(AP) - Families affected by this week's immigration raid at the Swift meatpacking plant in Worthington are turning to food shelves for help.
Supplies are on their way, but more are needed.
Manna Food Pantry at Westminster Presbyterian Church spent an extra $6,000 on food Wednesday after hearing from about 60 families in need, coordinator Gene Foth said in an e-mail. Demand is also up at Worthington Christian Church's food shelf.
A truck's worth of provisions arrived at Manna Thursday after Comunidad Cristiana Church of Worthington and the Rev. Hector Andrade organized with sister churches in the Twin Cities.
"We've been told that if there's need, they'd send down one truckload a week," said LeRoy Enninga, a member of Manna's board who helped unload the food.
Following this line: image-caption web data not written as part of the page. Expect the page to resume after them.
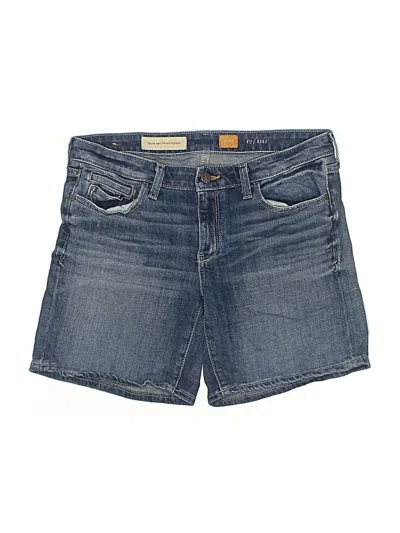 Pre-owned Pilcro And The Letterpress Denim Shorts In Blue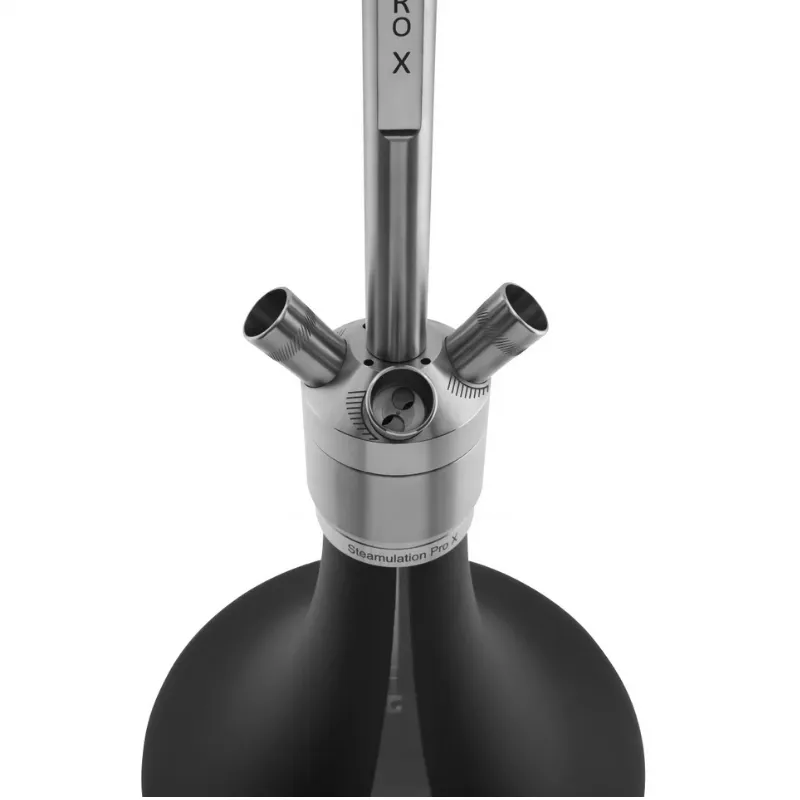 Cachimba Steamulation Pro X de 52 cm en acero V2A con platino y tubo de inmersión ajustable conectores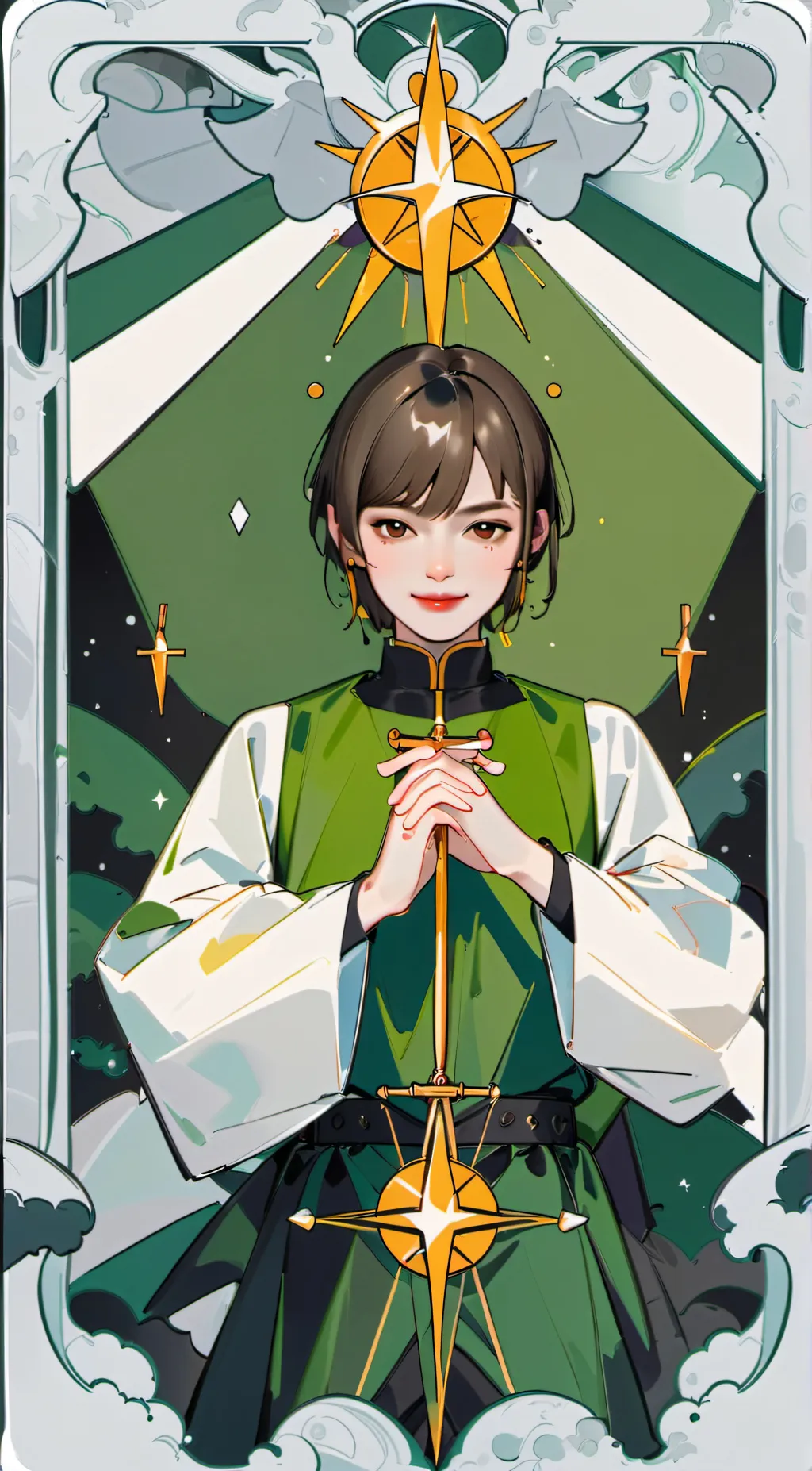 ai character: QUEEN AND LIVE U F background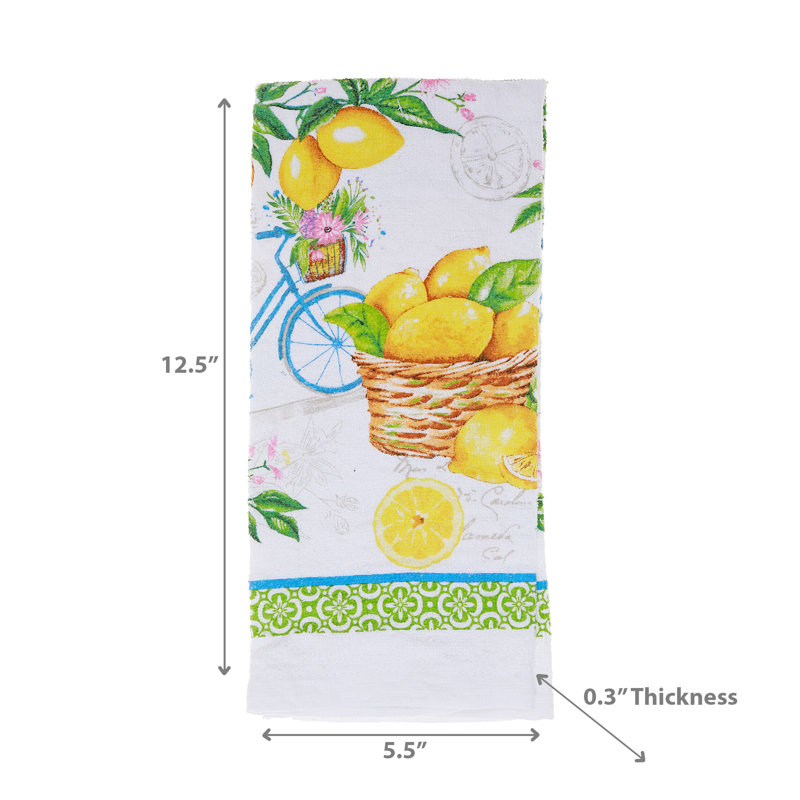 Ensemble de 6 essuie-mains citron
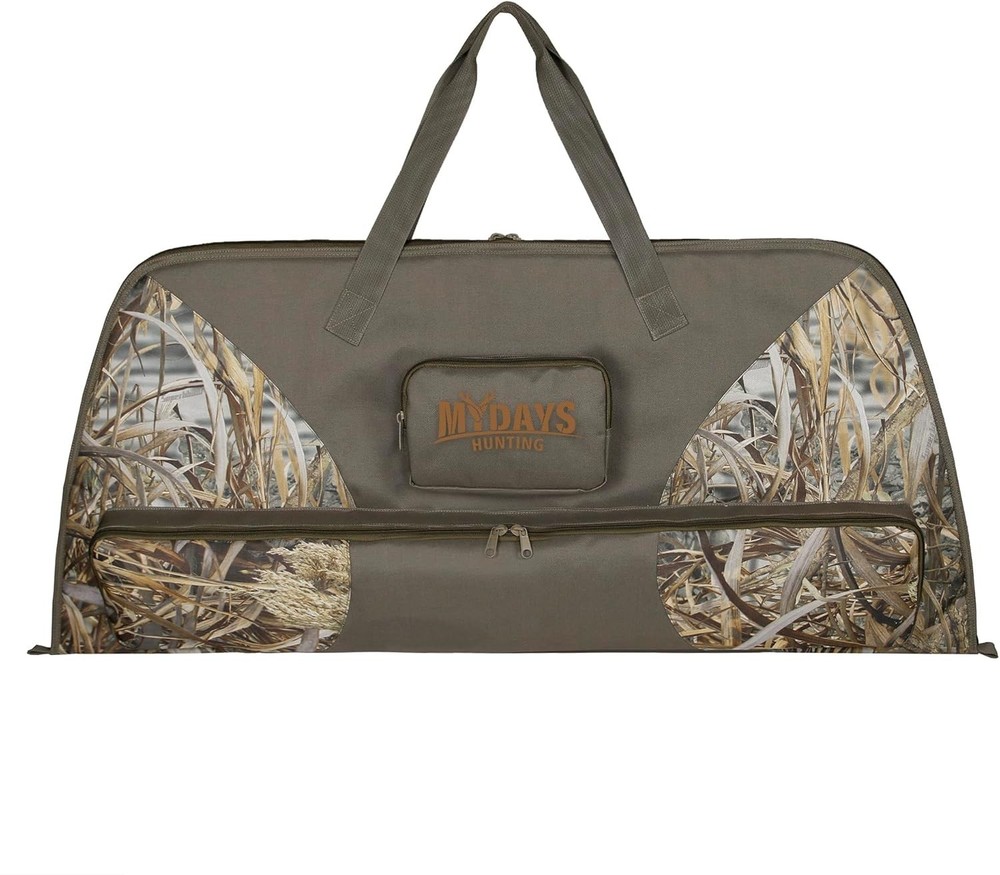 Compound Bow Case Soft Camo Bow Bag with Padded Compartments 41 Inch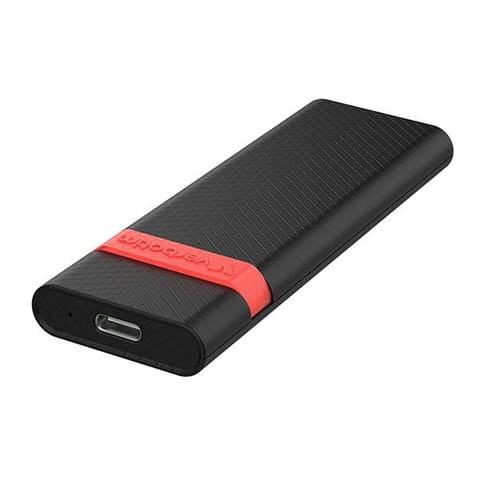 ⁨Obudowy dysku SSD M.2 NVMe, Verbatim, USB-C (3.2 Gen 2), 32261, czarno/czerwony⁩ w sklepie Wasserman.eu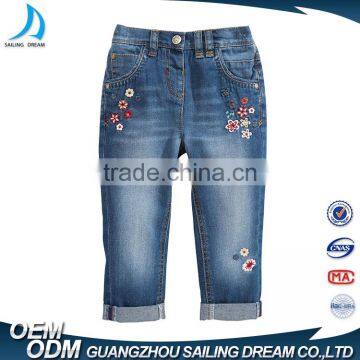 2017 Hot New Product Baby Girl Clothes Pure Denim Long Trouser Skinny Child Jean photo-2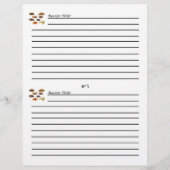 Homestyle Koking Recipe Kaart (Achterkant)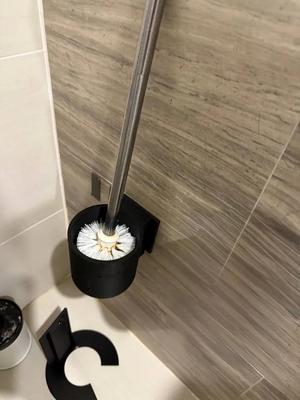 Hanging toilet brush holder   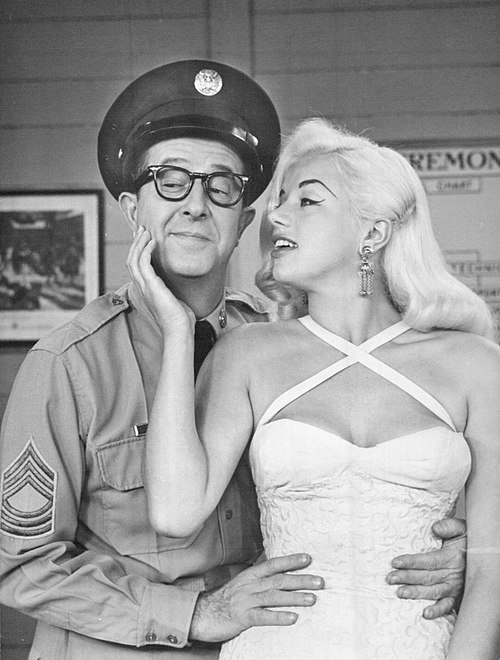 Dors with Phil Silvers, 1958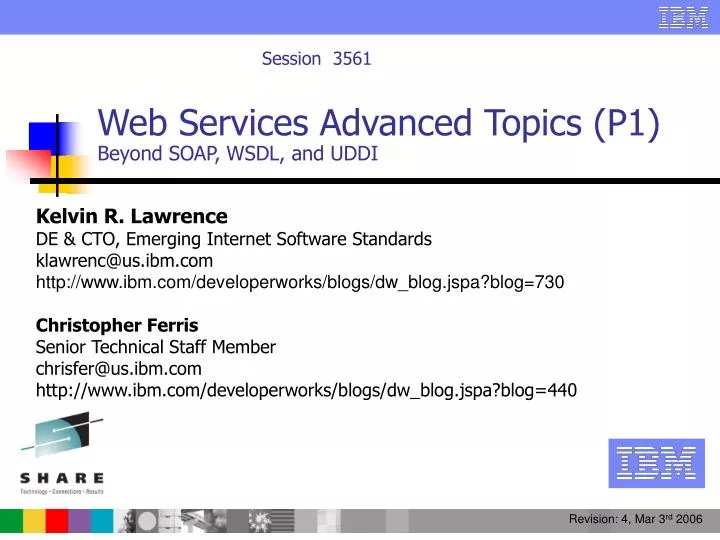 web services advanced topics p1 beyond soap wsdl and uddi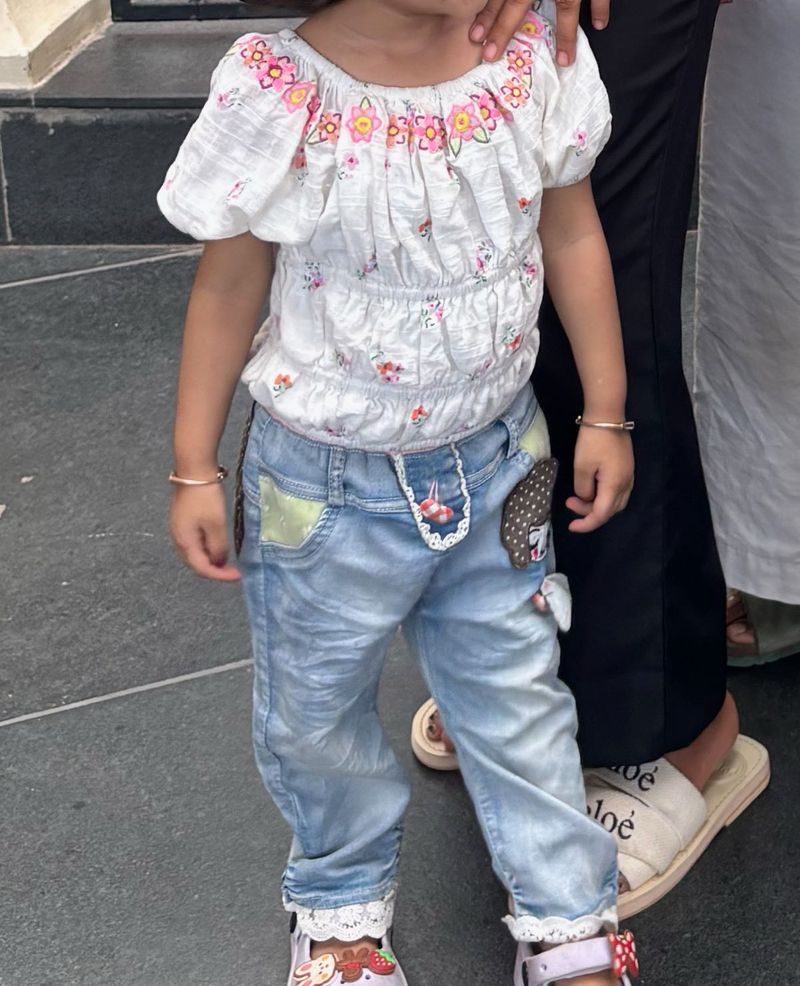 Adorable Toddler Floral Top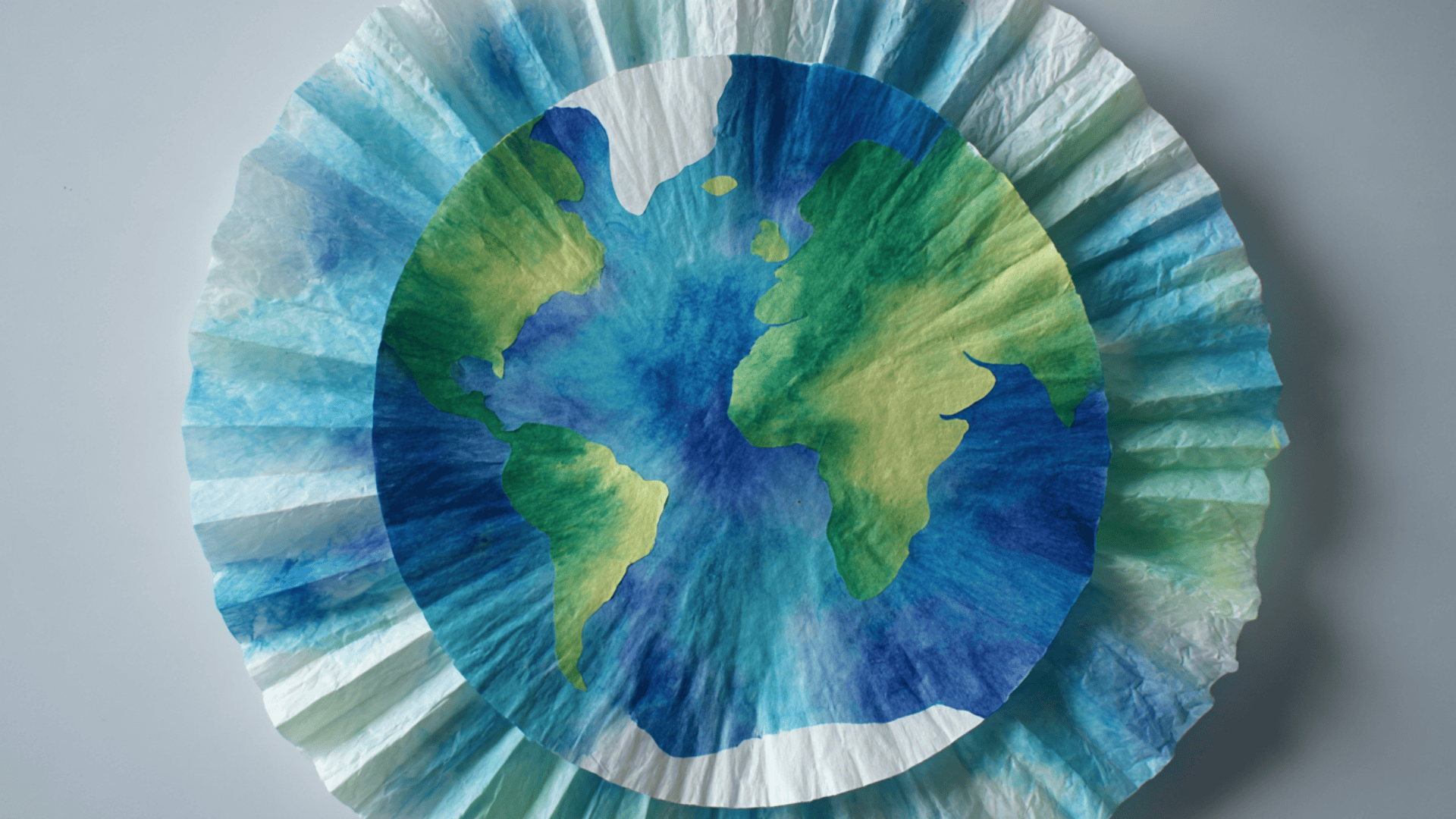 earth day paper globe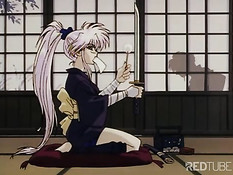 Blond and redhead ninja girls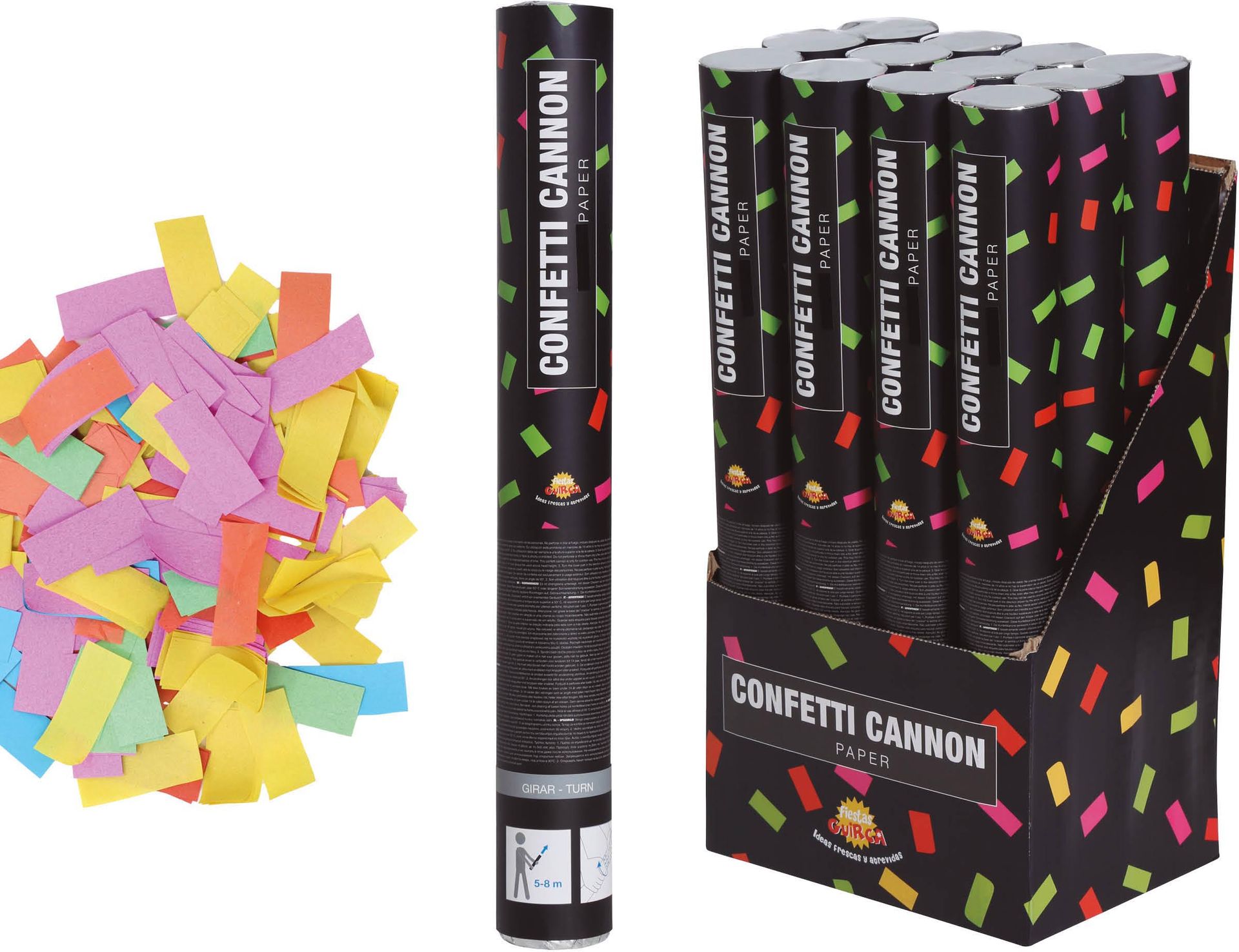 Confetti Kanon Meerkleurig 40cm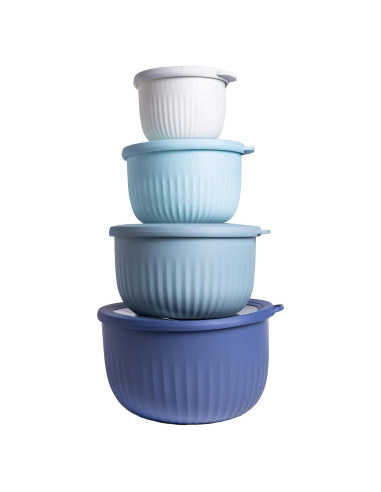 Juego de 8 Bols de Preparación Cook with Color - Azul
What it does is it causes a lot of animosity among all different people in the community.U.S. Rep.-elect Tim Walz
Kathryn Sharpe and William Martinez, both from the Twin Cities-based Minnesota Immigration Rights Action Coalition, delivered mostly perishable food from the Emergency Food Shelf Network in the metro area. Canned goods will come later.
U.S. Immigration and Customs Enforcement agents arrested almost 1,300 people at Swift & Co. meat processing plants in six states Tuesday, including 230 arrested in Worthington. Those who work with immigrants said the arrests created fear and distrust in the community; some hid in their homes.
Manna relaxed some of its usual rules after fearful families sent others to ask for help on their behalf.
"Normally, we need to have a signature and home address to give out food," Enninga said. "But I guess in an emergency situation such as this, we're willing to bend that a little bit, just to serve those who are in need."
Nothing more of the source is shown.